**WHAT YOU WILL DO**
Without including any pictures, write out all the entries exactly.
= = =
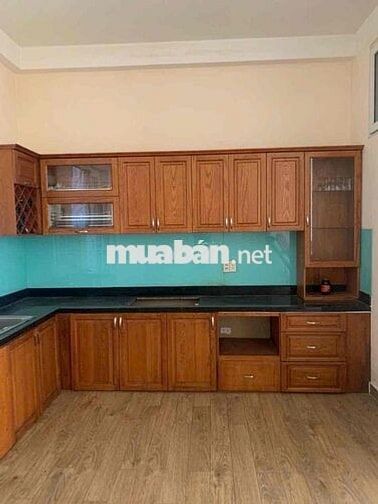 NHÀ NGÃ TƯ GA. TRỆT LẦU TUM 2PN 3WC. SÂN THƯỢNG TRỒNG RAU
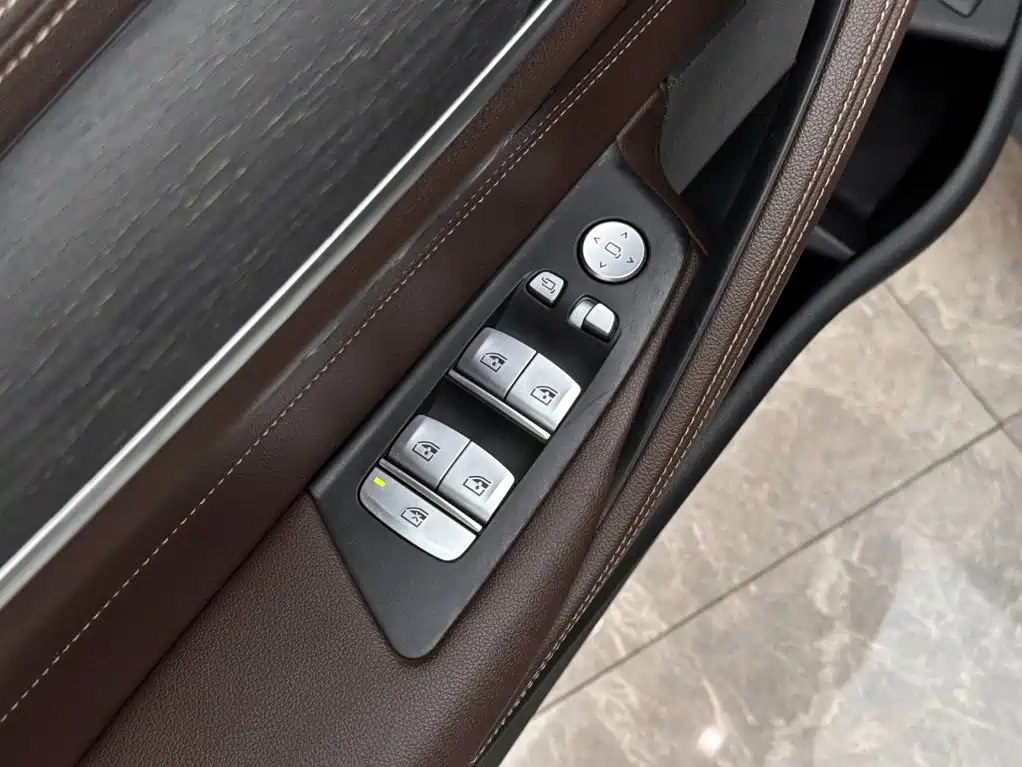 BMW 5 Series 2022 — фото 16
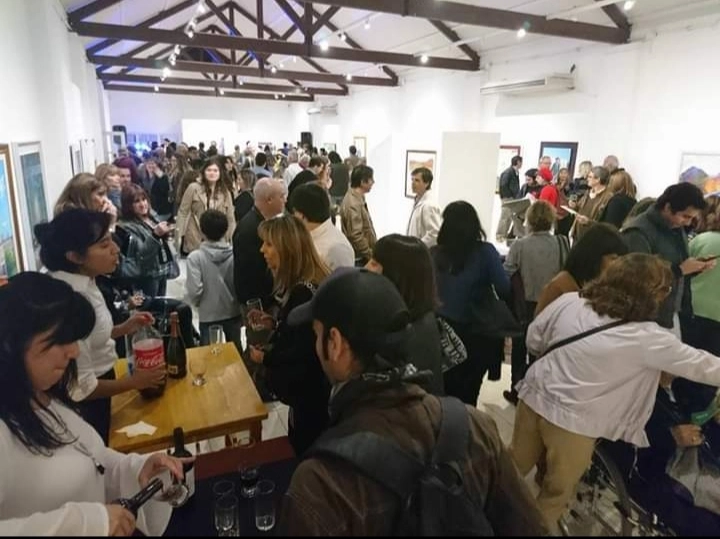 Gente recorriendo muestra artística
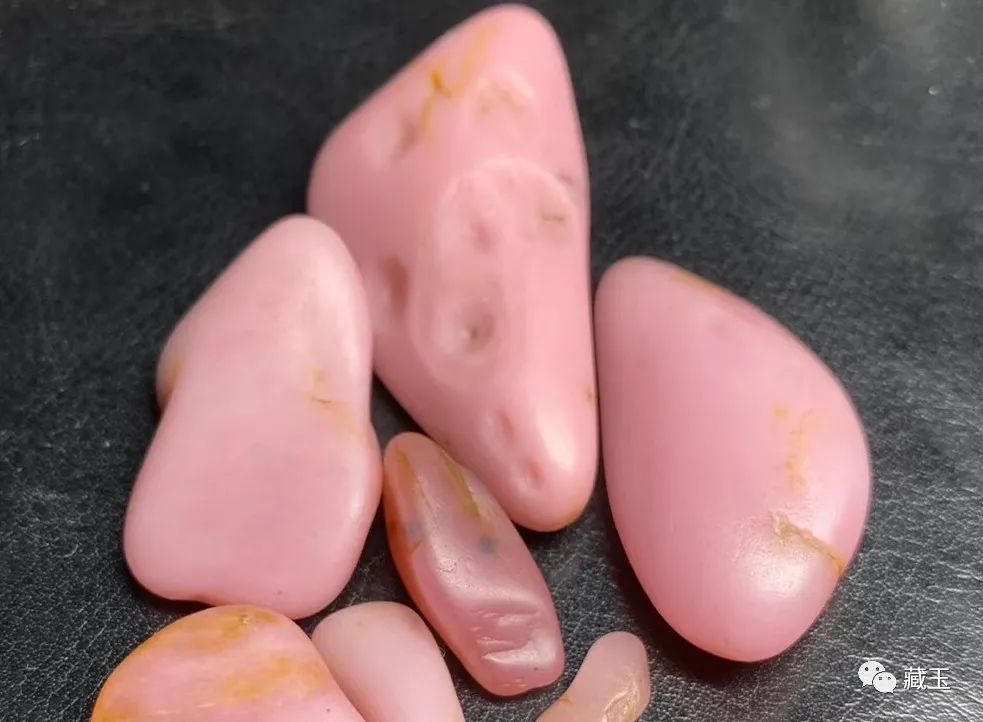 一块和田玉籽料七种颜色极品,和田玉籽料桃花玉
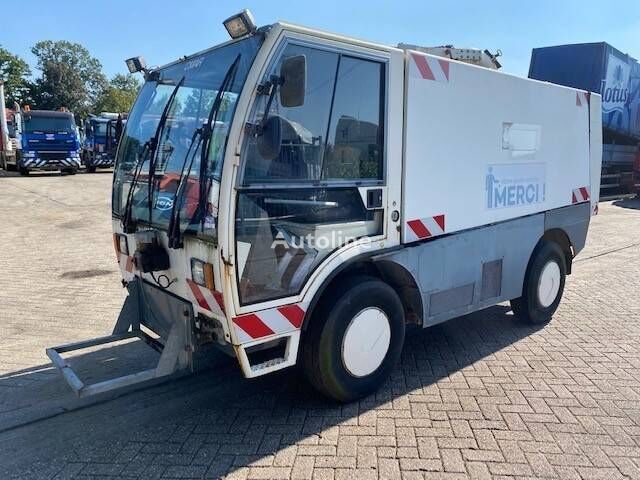 HMF Diversen DIV MFH 5000 ASPIRATRICE road sweeper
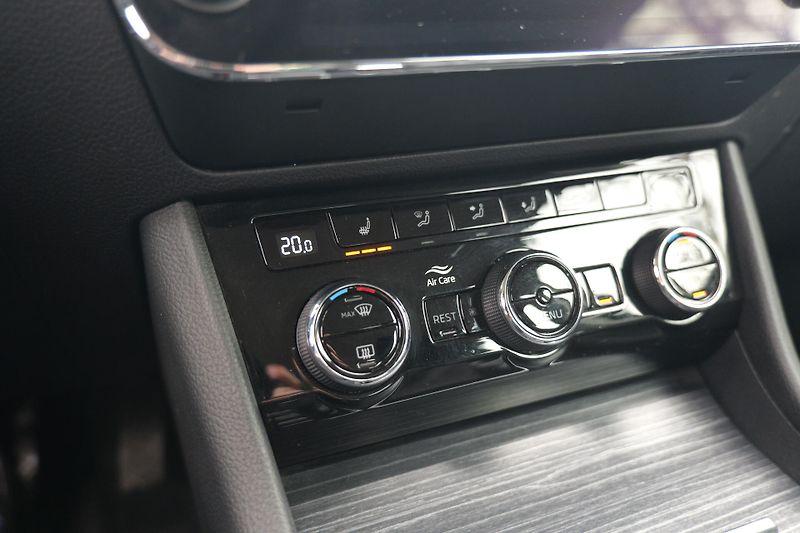 Škoda Superb TDI 110 kW Kůže Matrix Canton - fotka 34 z 38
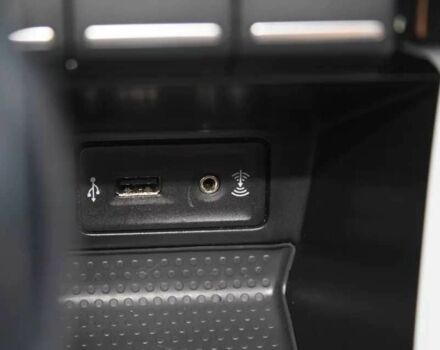 Білий Фольксваген Бітл, об'ємом двигуна 1.8 л та пробігом 84 тис. км за 3200 $, фото 10 на Automoto.ua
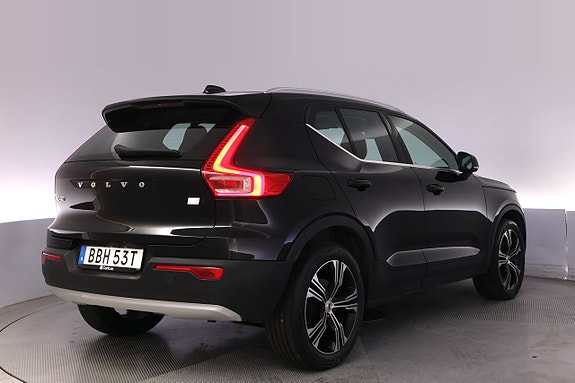 Volvo XC40 5 of 27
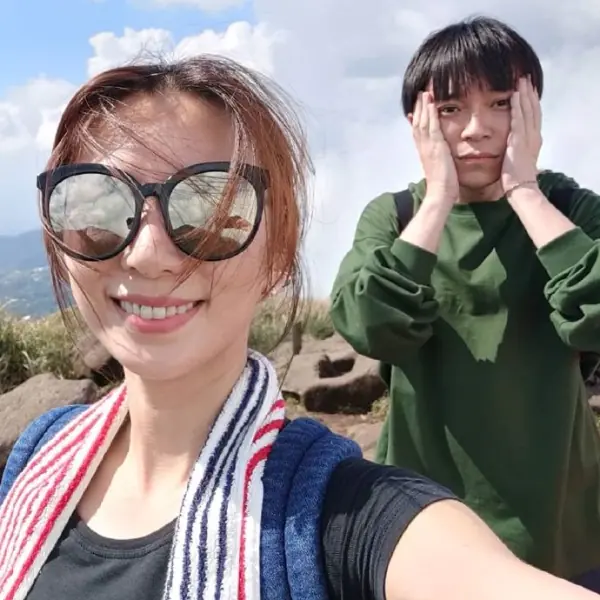 真閨蜜！Hebe 與青峰私下相約一同郊遊去爬山，粉絲融化：這組合也太可愛！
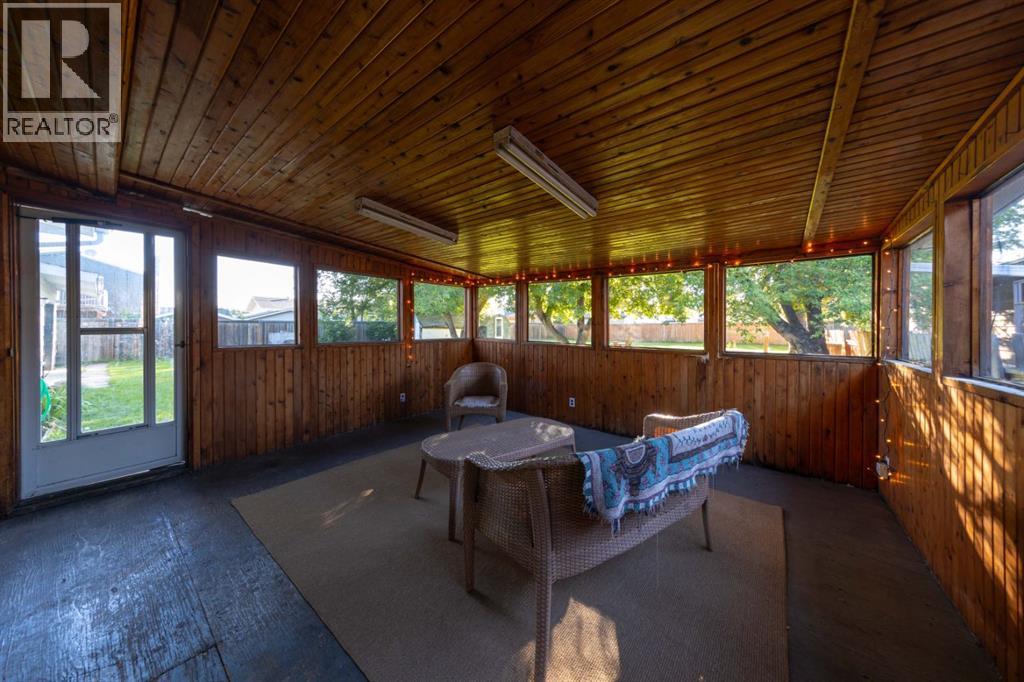 3007 52 Avenue - 14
= = =
**ANSWER FOR THE TASK**
 NHÀ NGÃ TƯ GA. TRỆT LẦU TUM 2PN 3WC. SÂN THƯỢNG TRỒNG RAU
 BMW 5 Series 2022 — фото 16
 Gente recorriendo muestra artística
 一块和田玉籽料七种颜色极品,和田玉籽料桃花玉
 HMF Diversen DIV MFH 5000 ASPIRATRICE road sweeper
 Škoda Superb TDI 110 kW Kůže Matrix Canton - fotka 34 z 38
 Білий Фольксваген Бітл, об'ємом двигуна 1.8 л та пробігом 84 тис. км за 3200 $, фото 10 на Automoto.ua
 Volvo XC40 5 of 27
 真閨蜜！Hebe 與青峰私下相約一同郊遊去爬山，粉絲融化：這組合也太可愛！
 3007 52 Avenue - 14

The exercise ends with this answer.